Konflikte in Ukraine und Nahem Osten:Europas Gespenster kehren zurück

Gemeinsame Sanktionen gegen Russlands Präsidenten Putin hat die EU bereits verhängt, im Nahen Osten steht ein solcher Schritt noch aus. Die Europäer müssen Antworten auf neue Gefahren finden - und lernen, in einer zunehmend unsicheren Nachbarschaft zu leben.

Gastbeitrag von Joschka Fischer

Wenn es ein historisches Datum gibt, das noch heute, exakt ein Jahrhundert später, die meisten Europäer frösteln lässt, dann ist es der Beginn des Ersten Weltkriegs, jener europäischen Urkatastrophe, die in diesem August vor 100 Jahren ihren Anfang nahm.
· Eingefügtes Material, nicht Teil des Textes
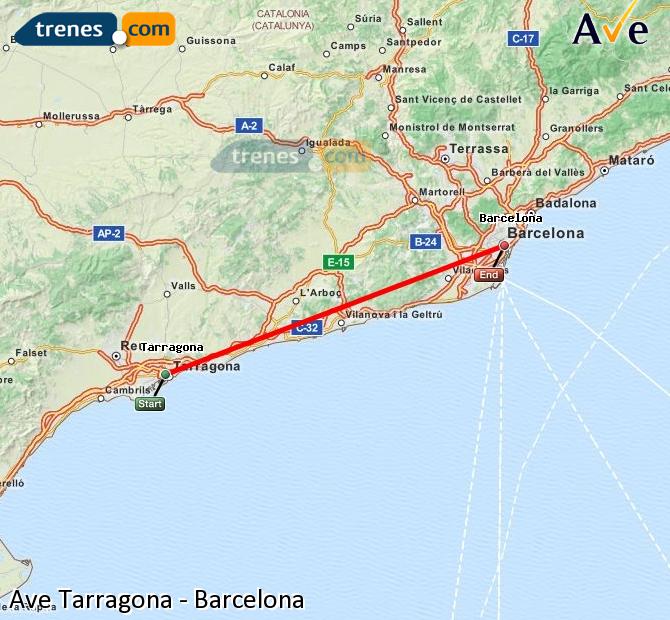 Highspeed Tarragona Barcelona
Heute, zwei Weltkriege und einem Kalten Krieg später, scheinen die Gespenster einer entfesselten Machtpolitik Europa wieder einzuholen. Der zentrale Unterschied zum Juli vor hundert Jahren besteht darin, dass es sich bei den machtpolitischen Konflikten nicht mehr um Konflikte innerhalb Europas handelt. In Europa stehen sich hundert Jahre später keine bis an die Zähne bewaffneten Armeen mehr gegenüber. Die Gefahren und Bedrohungen von heute finden an Europas Rändern statt. Sie bedrohen die europäische Gemeinschaft von außen, aus seiner regionalen Nachbarschaft: das Russland Putins möchte die Grenzen in Osteuropa mit Gewalt verändern und so seinen erneuten Aufstieg zur Weltmacht absichern. Und dann droht der gesamte Nahe Osten, dessen Staatengrenzen zu weiten Teilen das Ergebnis des Ersten Weltkriegs waren, dieser Tage in Syrien, im Irak und in Gaza im Chaos und in Gewalt zu versinken.

Das Europa der EU, hat sich aufgrund der blutigen Geschichte des Kontinents für Gewaltverzicht, die Unverletzlichkeit der Grenzen, die Herrschaft des Rechts und der Demokratie entschieden, für Kooperation, ja Integration statt kriegerischer Konfrontation, für wirtschaftliche Entwicklung statt Machtpolitik, für Frieden statt Krieg. Nun aber wird dieses Europa der EU durch die Rückkehr der Machtpolitik an seinen Grenzen und in seiner unmittelbaren Nachbarschaft in der Zeit zurückgeworfen. Es wird machtpolitisch erneut herausgefordert.

Zur Person

Joschka Fischer, 66, war von 1998 bis 2005 deutscher Außenminister und Vizekanzler - und beinahe 20 Jahre lang führender Politiker der Grünen. Copyright: Project Syndicate.

Der postmodern verfasste alte Kontinent Europa muss mit einem bedrohlichen Rückfall in die machtpolitische Moderne fertigwerden, ohne daran Schaden in seiner Sicherheit und in seinem lang anhaltenden Friedenszustand zu nehmen. Dies wird nach all den Jahrzehnten der machtpolitischen Entwöhnung, vor allem seit dem Epochenbruch von 1990, alles andere als einfach zu bewerkstelligen sein. Es wird auch deshalb schwierig werden, weil dieses gemeinsame Europa weder seine fertige, politisch integrierte Gestalt erreicht hat noch gar für solche machtpolitischen Herausforderungen konstruiert worden ist. Deswegen befindet sich das Europa der EU im Juli 2014 in einem sichtbaren Dilemma: Die alten Nationalstaaten sind dieser machtpolitischen Herausforderung nicht mehr gewachsen, weil zu klein, zu schwach, zu machtlos in der Wirklichkeit des 21. Jahrhunderts. Und die EU ist der Herausforderung noch nicht gewachsen, weil sie noch nicht im notwendigen Maß eine gemeinsame Außen- und Sicherheitspolitik entwickelt hat.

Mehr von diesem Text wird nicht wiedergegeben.